Please return the lines from the one with "Evergrowseeds cranberry hardy" through the end of the listing below, word for word, with every picture left out.

[Start of Attachment]

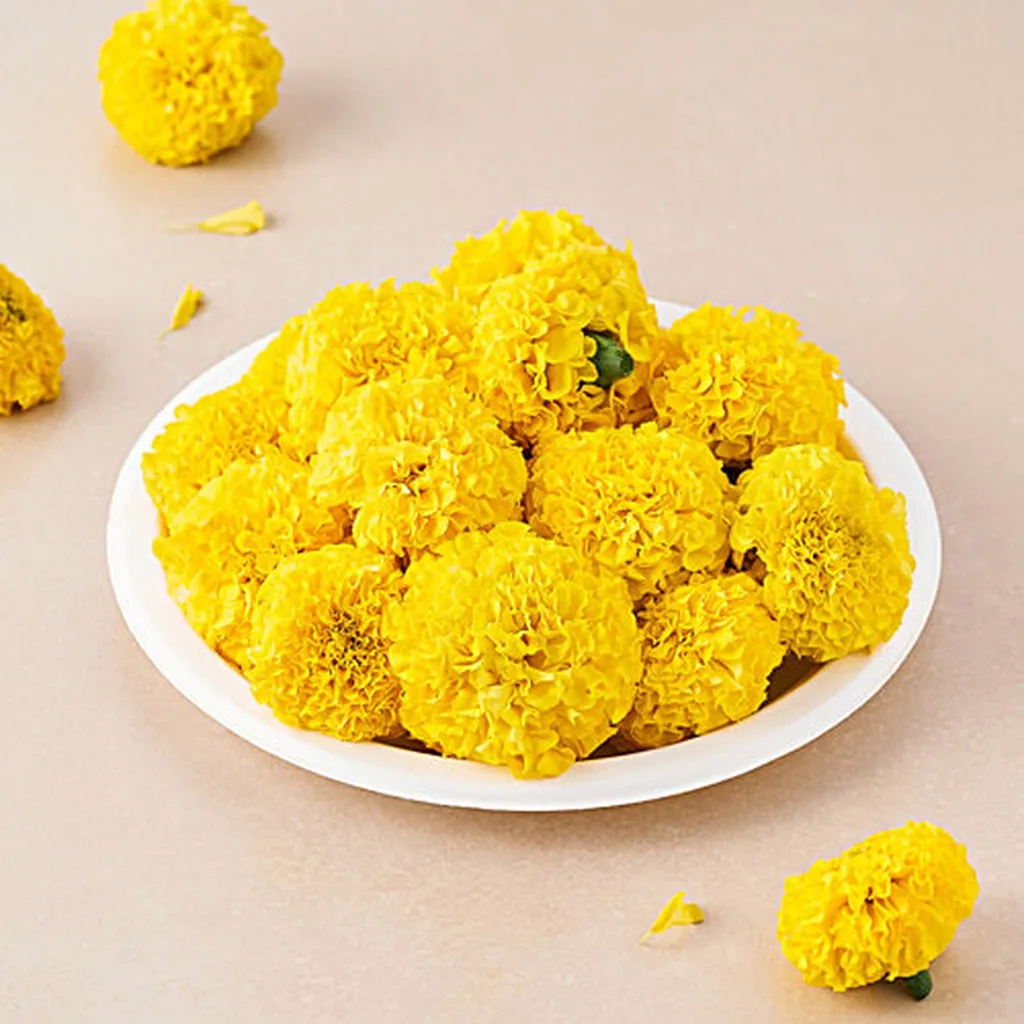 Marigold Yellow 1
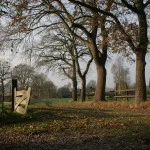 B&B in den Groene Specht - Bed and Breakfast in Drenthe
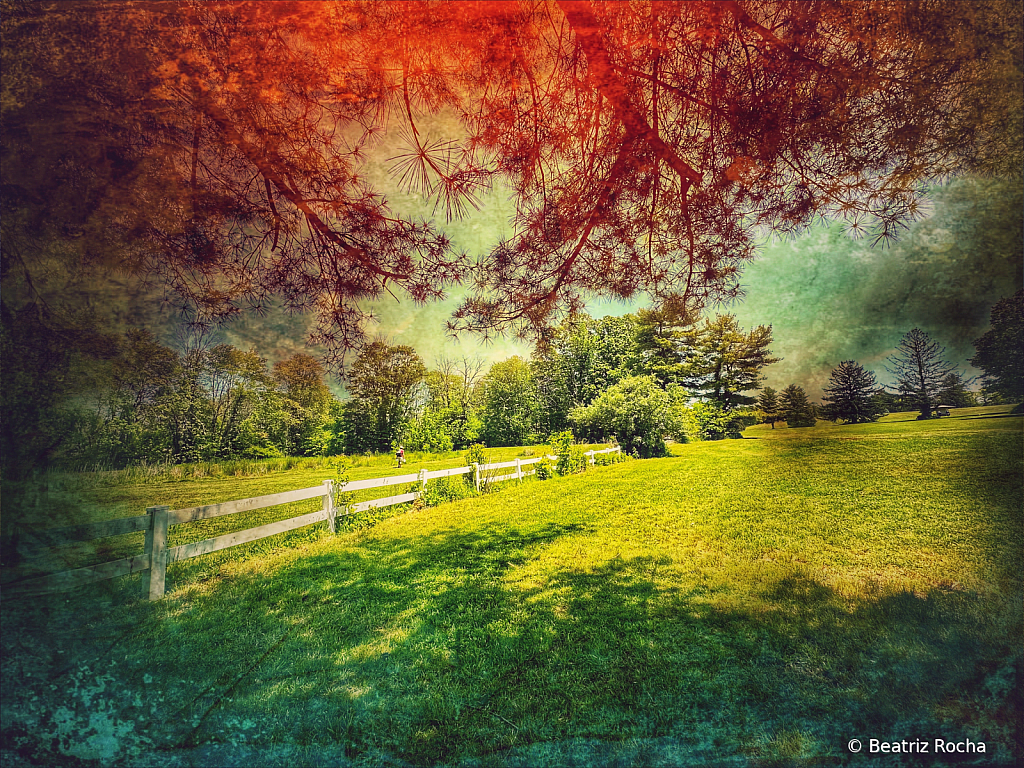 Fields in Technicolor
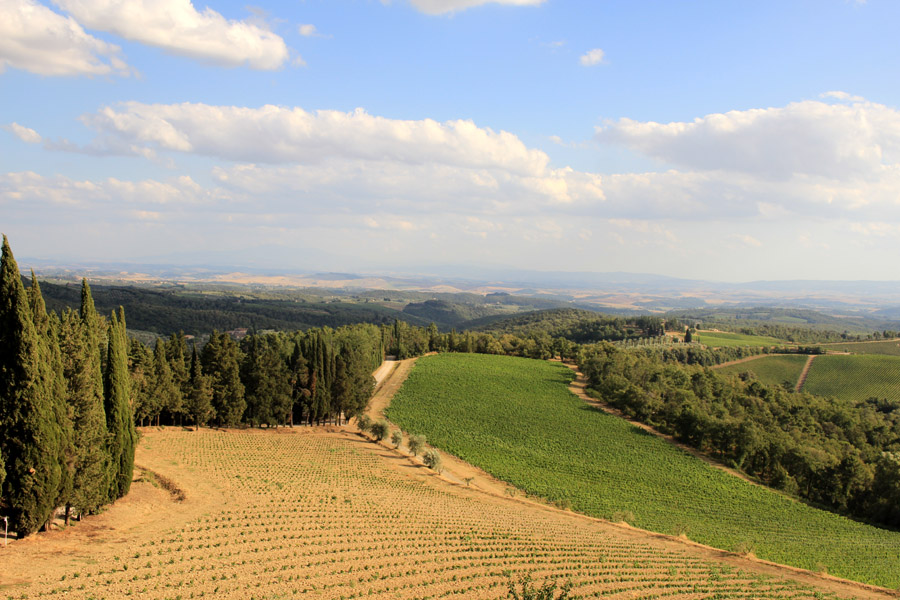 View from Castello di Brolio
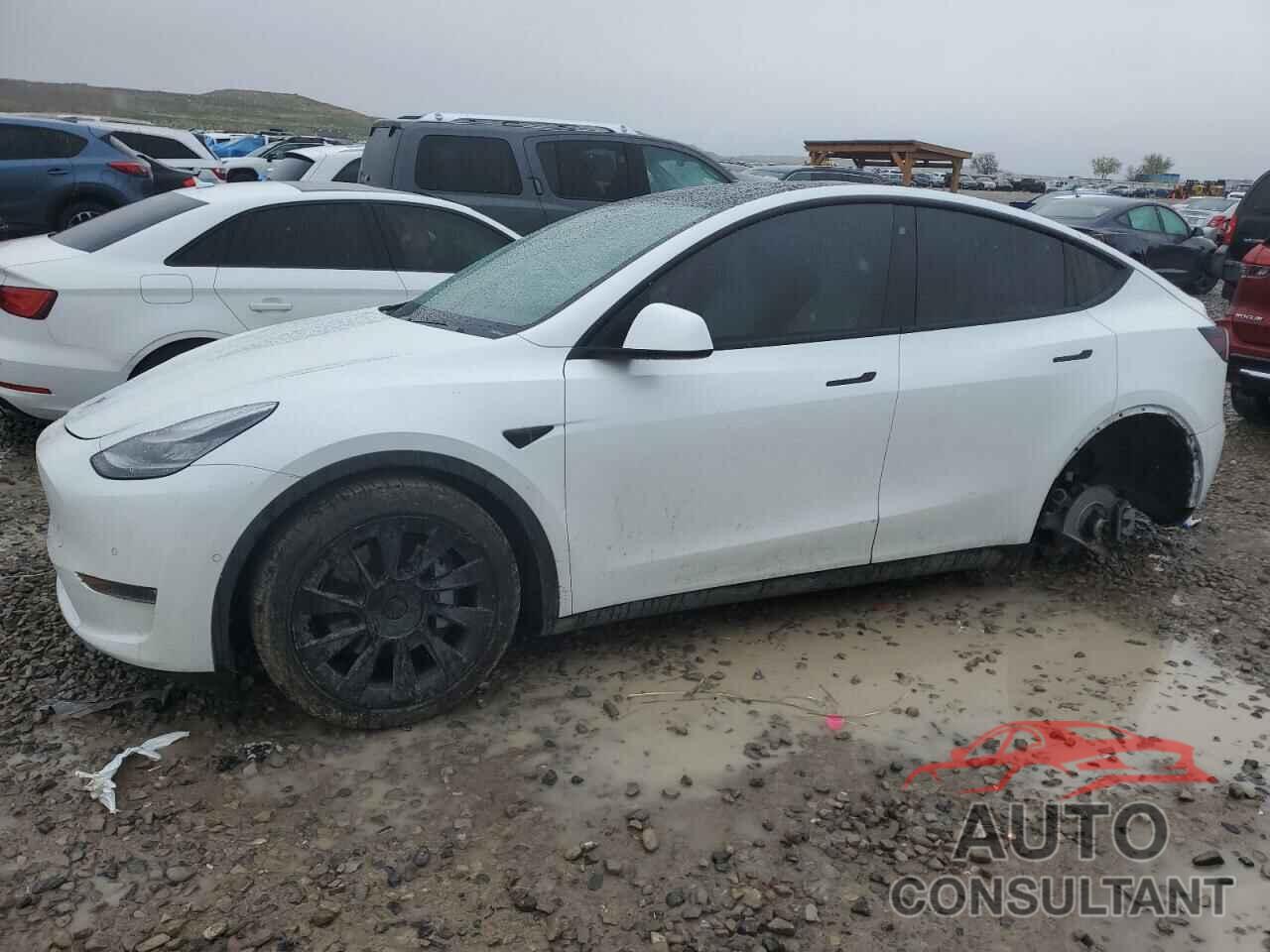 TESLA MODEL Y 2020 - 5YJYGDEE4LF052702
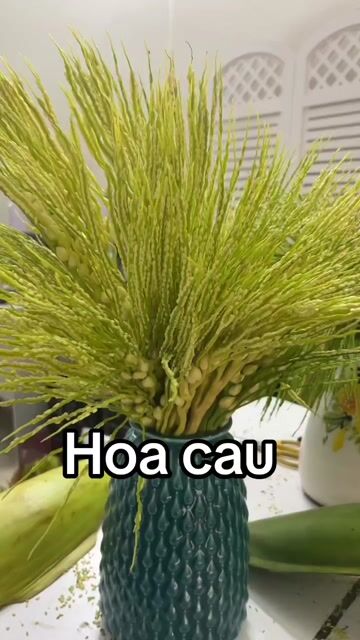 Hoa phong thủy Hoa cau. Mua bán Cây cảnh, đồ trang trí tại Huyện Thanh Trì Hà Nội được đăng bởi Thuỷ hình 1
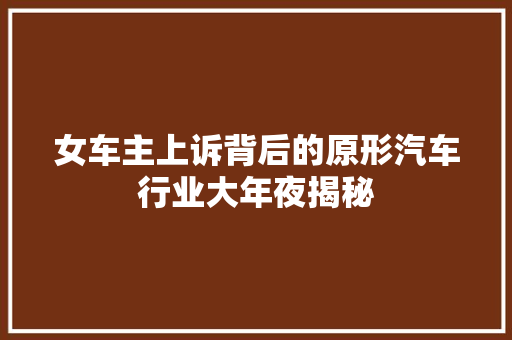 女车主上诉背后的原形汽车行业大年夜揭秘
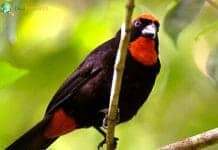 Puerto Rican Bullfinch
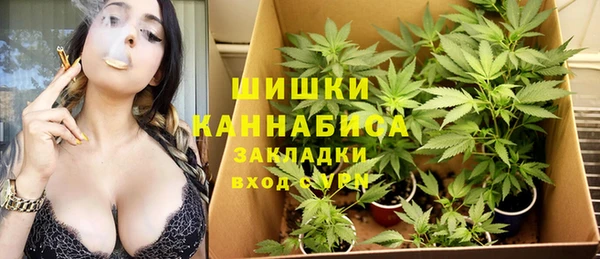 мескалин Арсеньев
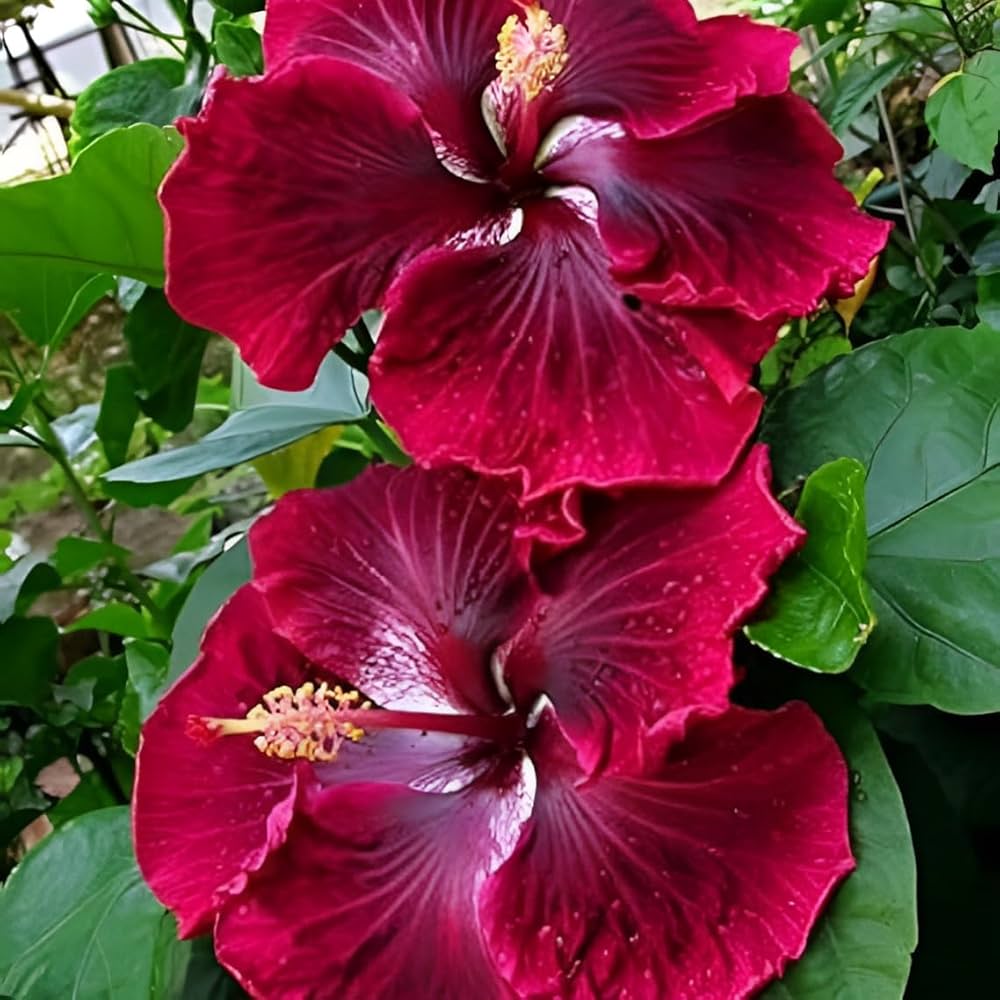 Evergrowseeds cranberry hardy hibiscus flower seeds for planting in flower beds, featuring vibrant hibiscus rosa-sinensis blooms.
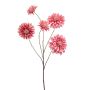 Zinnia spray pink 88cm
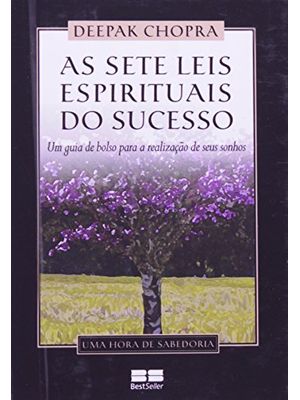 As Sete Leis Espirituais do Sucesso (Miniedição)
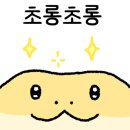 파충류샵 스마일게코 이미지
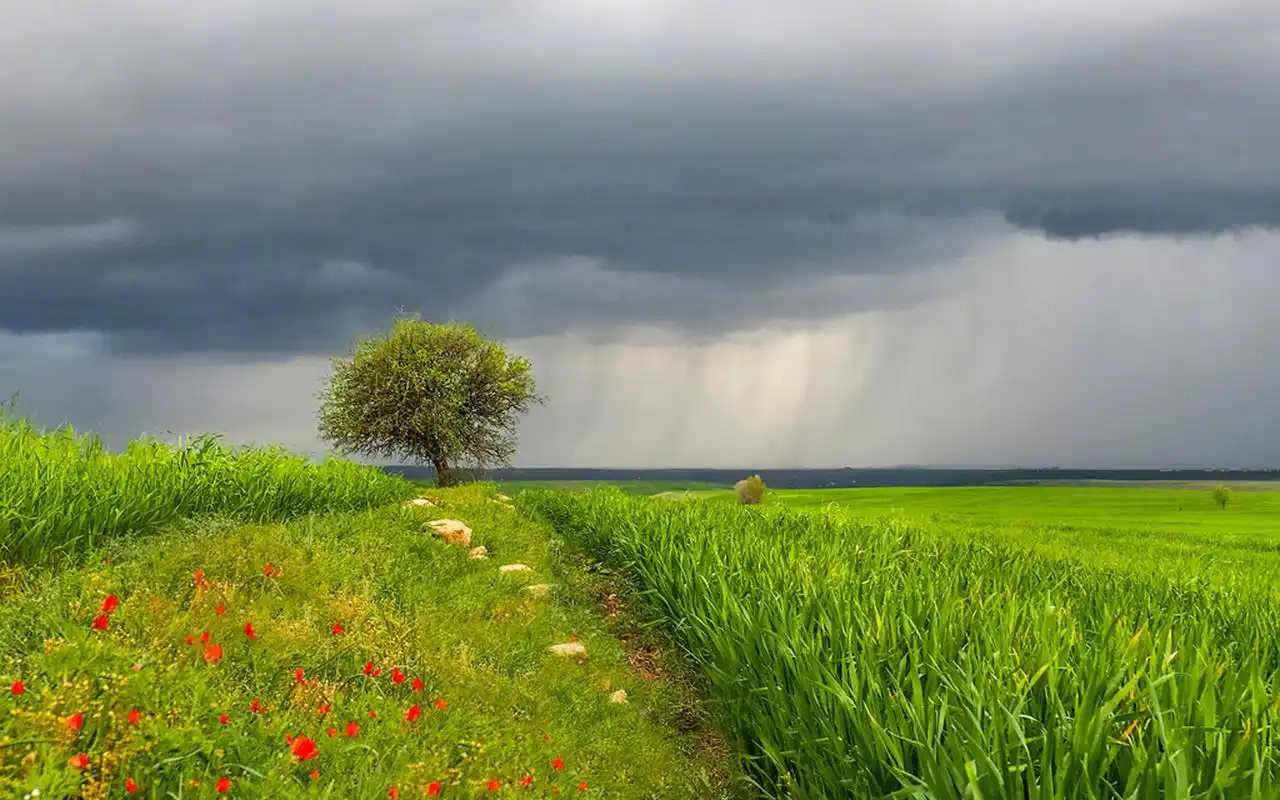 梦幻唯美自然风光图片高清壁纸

[End of Attachment]

## OUTPUT
 Evergrowseeds cranberry hardy hibiscus flower seeds for planting in flower beds, featuring vibrant hibiscus rosa-sinensis blooms.
 Zinnia spray pink 88cm
 As Sete Leis Espirituais do Sucesso (Miniedição)
 파충류샵 스마일게코 이미지
 梦幻唯美自然风光图片高清壁纸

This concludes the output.